Doch Habeck macht diese ganze Ausweichstrategie mit einem Satz zunichte: „Insofern ist also die Annahme, dass da eine Art Geheimwissen wäre, das mich nicht erreicht hätte, falsch.“ Das heißt konkret: Habeck besteht darauf, dass er nicht ausgetrickst wurde. Er besteht darauf, alles zu wissen. Das heißt auch: über die manipulierten Vermerke, das Konterkarieren wissenschaftlicher Expertise und den Vorzug von Ideologie gegenüber dem öffentlichen Wohl. Bei diesen Worten wird sich so mancher PR-Berater die Hände über dem Kopf zusammengeschlagen haben.

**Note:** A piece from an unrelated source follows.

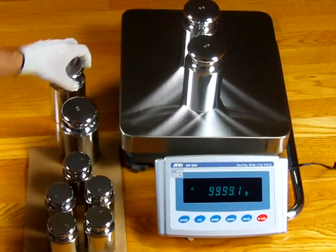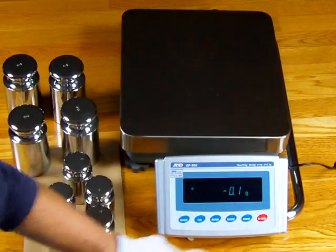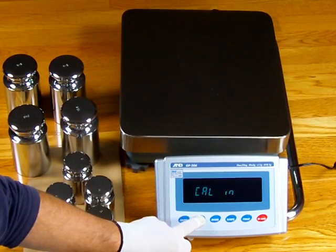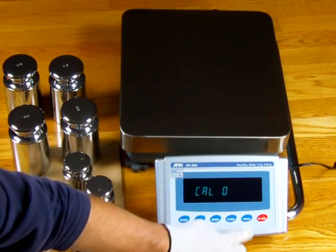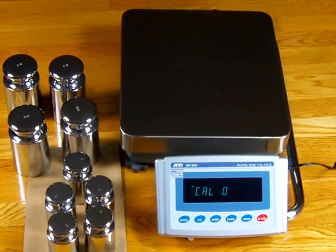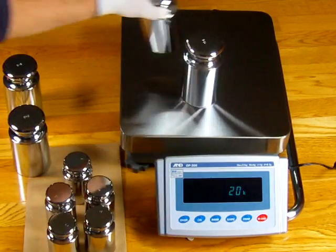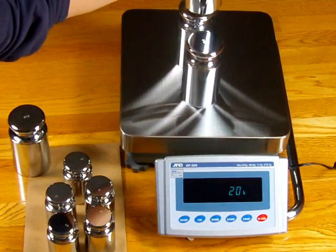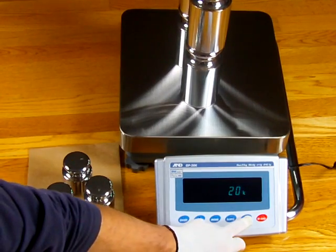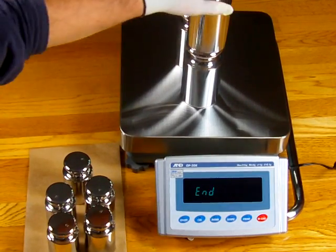We're going to do the external calibration one more time to correct it. Zero the balance, press and hold the CAL key — CAL OUT — and this time we'll do it again with 20 kg. Press the print key to store the parameters. It says 20 kilograms. Put 20 kg on. We have our 20 kilograms on — simply press the print key to store. Remove the weights.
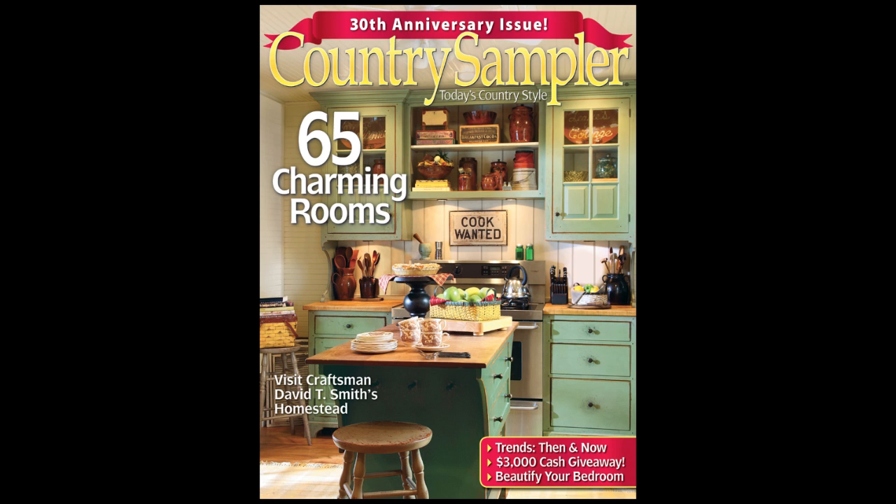For more decorating ideas such as these, see the April-May issue of Country Sampler, available on newsstands now or by visiting CountrySampler.com. And we'll see you next time on Country Sampler on Video!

Die Grünen fahren demnach eine Strategie der Groteske. Es kann nicht falsch sein, weil es nicht falsch sein kann – eine Steigerung zum Morgenstern-Gedicht. Die Grundsätze unabhängiger Beamtenarbeit wird kurzum auf den Kopf gestellt: Das Beamtentum dient dem öffentlichen Wohl, und das öffentliche Wohl definieren die Grünen. Anders kann man sich diese Kapriole nicht erklären. Noch weiter geht Habecks Bekundung, es habe 2022 enge Abstimmungen mit den Kraftwerksbetreibern gegeben, letztere hätten gesagt, dass die Brennelemente „ausgelutscht“ seien.

Damit verlegt Habeck nicht nur den Debattenplatz – denn im Cicero-Bericht ging es ja eben nicht um die Besprechungen mit den AKW-Vertretern, sondern um hausinterne Manipulationen von Dokumenten. Überdies hat die Bundesregierung in dieser Frage mehrfach die Tatsachen verschleiert, Aussagen falsch oder verkürzt wiedergegeben oder schlicht gelogen.

Denn die Beschaffung neuer Brennstäbe war kein Problem. Das Thema wurde schon im Juli 2022 diskutiert. Die Ampel war schlichtweg nicht daran interessiert, neue Brennstäbe zu beschaffen. Eine rechtzeitige Lieferung wäre möglich gewesen. Dass Deutschland überdies weiterhin Uran-Brennstäbe produziert, gehört zu den Treppenwitzen dieses angeblichen Brennstabproblems.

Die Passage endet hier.